The aftereffects of all that candy

The period of time immediately after The Candy Binge reminds me a little of when we used to feed catnip to my mom’s three cats on Christmas Day. “Go crazy!” is the response you’d expect, but actual results varied from one cat to the next. We only had one cat who got really silly and nutso; the second ran around like a maniac for a little while, burning off endless energy, while the third just got really mellow and sleepy.

Having been raised in a household where (far as I can recall) candy was carefully rationed, doled out only after balanced meals had been consumed, I was raised to believe that ODing on candy would lead to an extreme sugar rush, possibly culminating in spontaneous explosion, or at least a fearsome tummyache. None of these things happened. Instead, Kimmie resembled Cat #2 above, while Essie was more akin to Cat #3.

“OK, who wants to go run around outside and burn off some energy?” I enthusiastically offered. Kimmie was game, but Essie announced – of all things – that she was sleepy! So while Kimmie went outside and ran her balance bike furiously up and down the driveway for five minutes, I attempted to interest Essie in the puzzle she’d pulled out earlier in the day, while she listlessly mixed up the pieces again as I sorted and piled them.
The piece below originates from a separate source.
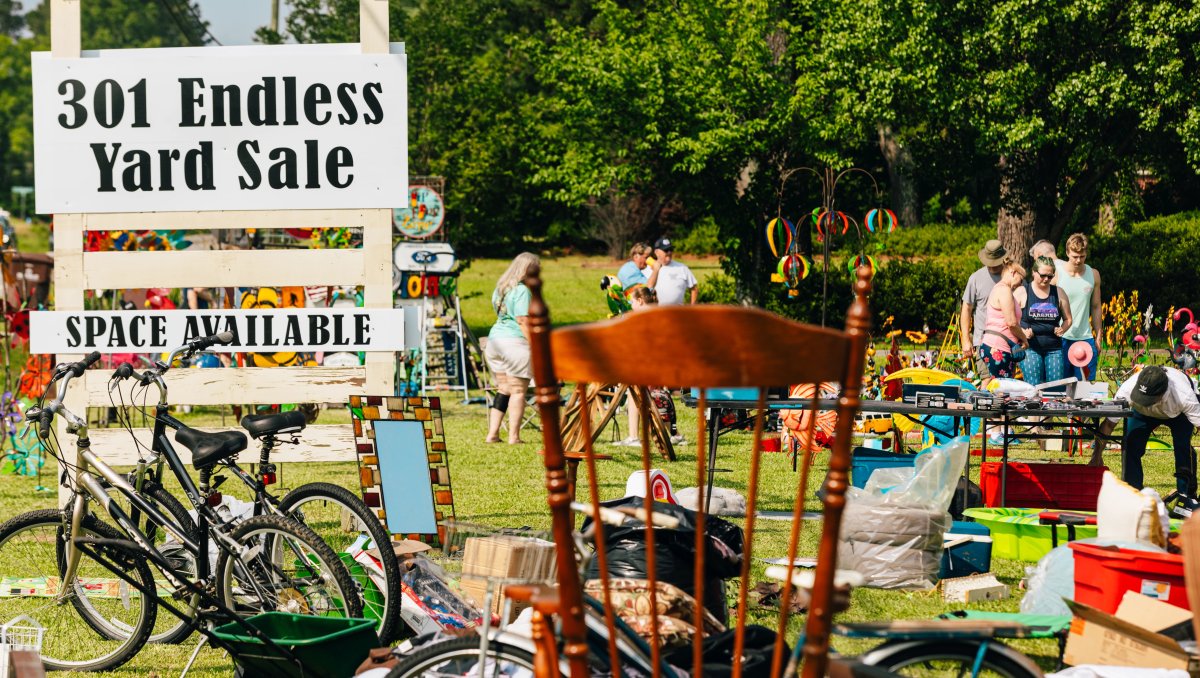 People shopping at outdoor 301 Yard Sale with signage in foreground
Much to my amazement, the girls didn’t explode. Nor did they groan for the rest of the day about how much their bellies hurt. Nor were they too wired to go to bed some five hours after their sugar binge. In fact, the only physiological side effect I noticed was that their appetite for supper, approximately three hours post-binge, was almost zero.

Choices have consequences

Fast-forward to yesterday – a somewhat challenging day, as I’ve already mentioned. More than once, the girls asked for a piece of Halloween candy, which I chose to interpret as candy of the non-lollipop variety. Each time, I reminded them with a smile that they’d depleted their respective piles of candy the day before in one fell swoop.

This wasn’t the “lesson” I was most hoping to teach them from their overindulgence. To be honest, I think a tiny part of me hoped that they would feel some physical side effects, just like any adult would after too much alcohol, ice cream, all-night partying, or exercise (yes, there is such a thing as too much of a good thing). Nonetheless, I also like to think that hearing the same message several times over the course of the day might have started to resonate with them, in a Deeper Life Lessons sort of way.

Every day in life, we are faced with choices. No matter which choice we make, choices have consequences, both good and bad. Making the choice means accepting the consequences.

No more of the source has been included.